‘Self’: a Changemakers Workshop 6 Dec 2022

Change begins within. 

Knowing yourself is the key to succeeding: the more you understand your values and purpose, the more you can focus your energies and connect up what you’re good at, what inspires you, and what the world needs. 

The ‘SELF’ mini-residential offers you a deep-dive into:

  • understanding modern selfhood, your strengths, behaviours and tendencies
  • self-leadership: honing your skills, particularly in terms of intersectionality, self-awareness and power
  • your sense of purpose & applying that to daily life to increase insight and reduce anxiety

The experience includes plenaries, small group discussion, self-reflection time, creative exercises, a workshop with the Tavistock Institute (one of the UK’s leading consultancies on self and group understanding), and a panel conversation. 

We’ll connect this work with thinking about our relationships with ourselves, others and environment. 

As always, Changemakers doesn’t promise answers but instead works to challenge your thinking, assumptions and questions.
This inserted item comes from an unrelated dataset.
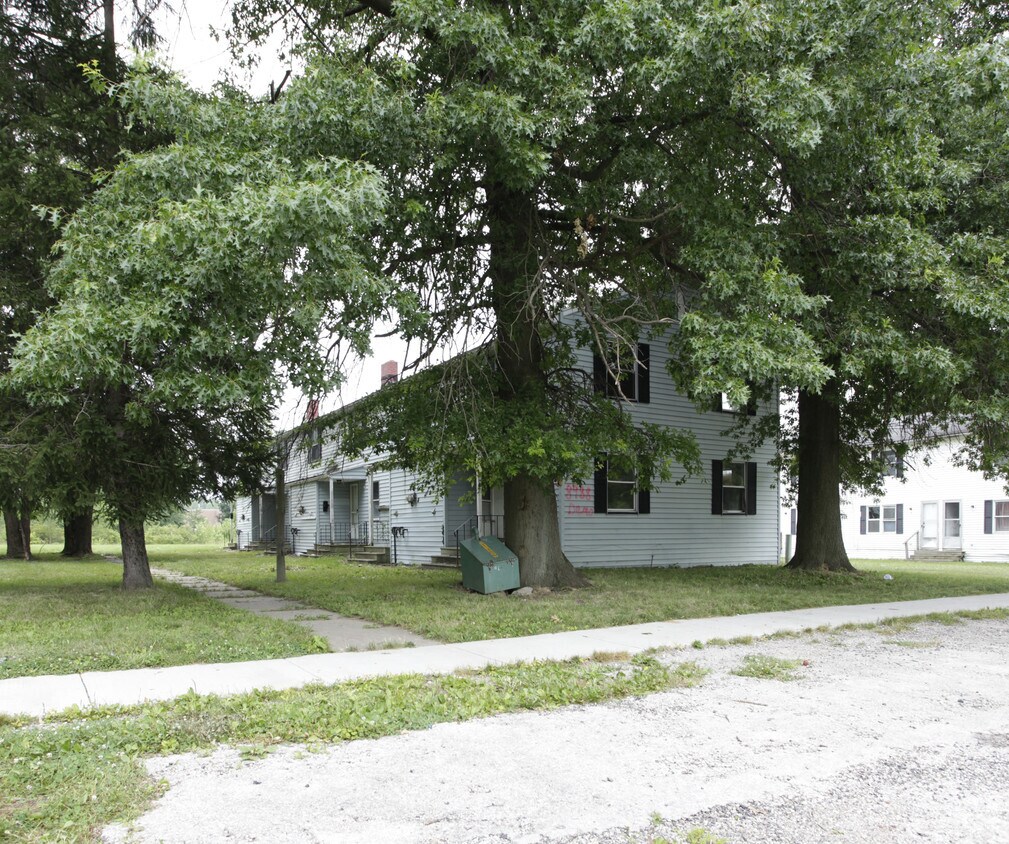 Foto del edificio - 8988 Maple Grove Rd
You’ll get to do this via hands-on experience with interested and generous peers, and access to experienced faculty.  

​The residential is open to all Homerton students and recent leavers (<5yrs).

 

Timetable:

 

9.30-10.30am Modern selfhood: context and exploration of how you ‘see’ yourself. Dr Alison Wood

10.30am-1pm (with break). Self Leadership, Self Awareness & Intersectionality. Coreene Archer, Tavistock Institute

1-3pm. Offline. Lunch and self-reflection exercises

3-5pm. Panel discussion (with activist & human rights advocate Nawid Cina) and reflecting on the learning

 

A note on your involvement 

The programme is intentionally intensive and immersive, designed to maximise the depth of experience and the insights you will gain. We ask that you commit to participating fully during the day.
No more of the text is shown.